When the first time was is hard to say.
I think it was triggered very early, perhaps by cartoons and my imagination.
I had access to my own computer at an early age and also knew how to use it, or how to use the search engine, so i searched for fat women on the internet and found Kelligrl.
That resulted in the first place from a fun website where there was the "I Want you fat way?" video.
Interesting that I have saved the pictures and, it was still in an age in which I have not ejaculated, but found it interesting and kind of erotic.
My brother has found the pictures a short time later and that had given me the damper that I had not looked further.
I guess i was about 11 maybe 12 years old.
A short time later i had my experience which has influenced me in this matter until today.
As a child and teenager, I spent every summer day at the lake or in the swimming pool whenever it was possible.
If i think about it correctly then i should have been 13 years old.
At that time i actually already knew that i was attracted to big and fat women, but tried to suppress this fact.
Anyway, one hot summer day after school i went to the pool with friends.
There were big meadow areas and we had looked for the furthest corner, so we had to walk a bit to get to the pool.
There i saw a SSBBW about 30-40 years old sitting on her blanket in a bathing suit, she was apparently alone with her little son.
I would estimate her at maybe mid 400. She had a wide, huge ass with massive legs.
A huge belly, pillow-like arms and many rolls of fat on her back.
At least i could get a pretty good view of her huge body because of the tight swimsuit.
Definitely one of the biggest women i've seen in public so far, at least where I could get a good look at the figure.
In public you rarely see such big women who don't try to retouch their body with clothes.
To see her later in the water, while i dived past with diving goggles was the greatest thing.
I wished at that moment to be there alone, so that i could watch her permanently.
Of course, today I would respect the privacy and maybe risk a look.
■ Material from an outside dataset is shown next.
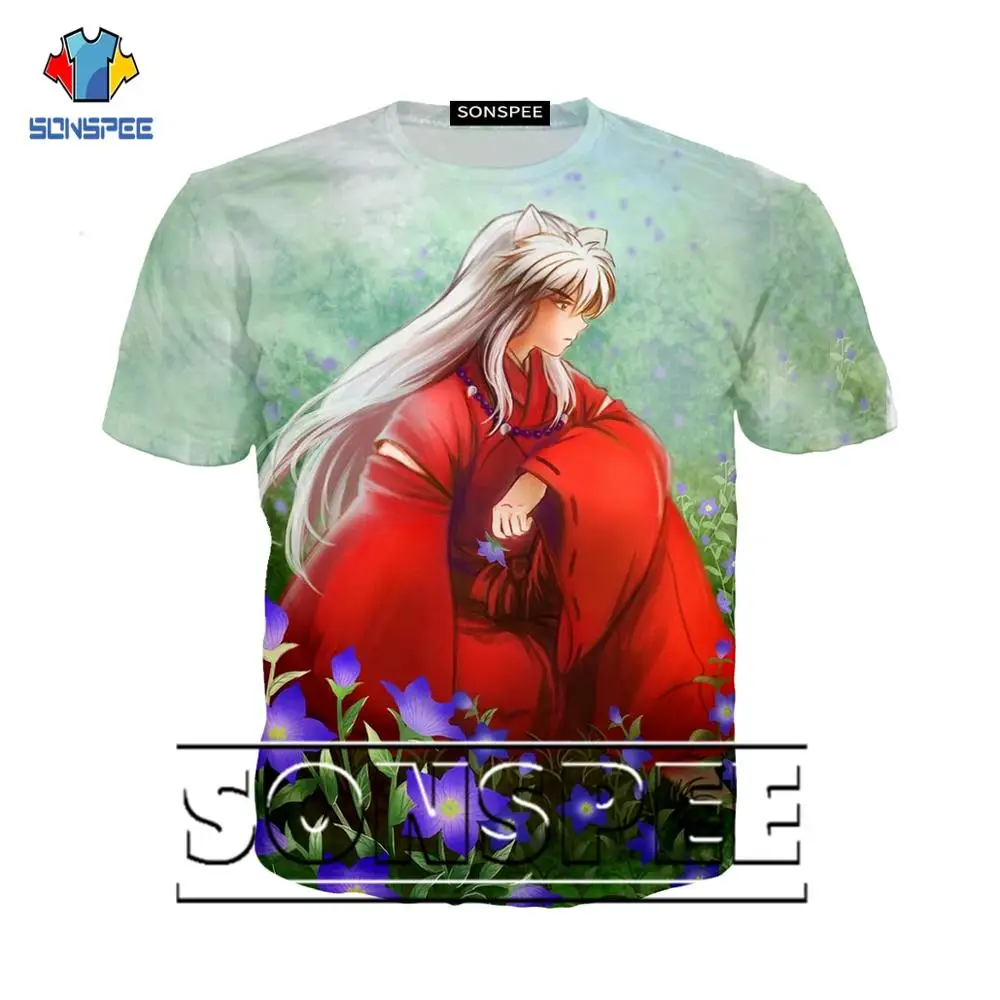 Мужские и женские футболки SONSPEE Anime Inuyasha Повседневные Дышащие винтажные мужские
If the situation arises of course also address, in a respectful, honest way.
But if I remember back, I would have preferred to spend the day incognito around her. To watch every step that she make.
But even so, I have seen her often enough that my pupil brain was completely overwhelmed with this experience.
I also remember seeing her get up and move around.
It really was a magnificent sight and i'm sure it left a strong impression on me, in any case i was aware that i liked what i saw.
And when I was able to process it, I knew the woman from the swimming pool was like Kelligrl.
Probably that is the really start.
It still took a long time until i really became aware and can give a f***about it.
But the older you get, the more indifferent the opinion of others becomes.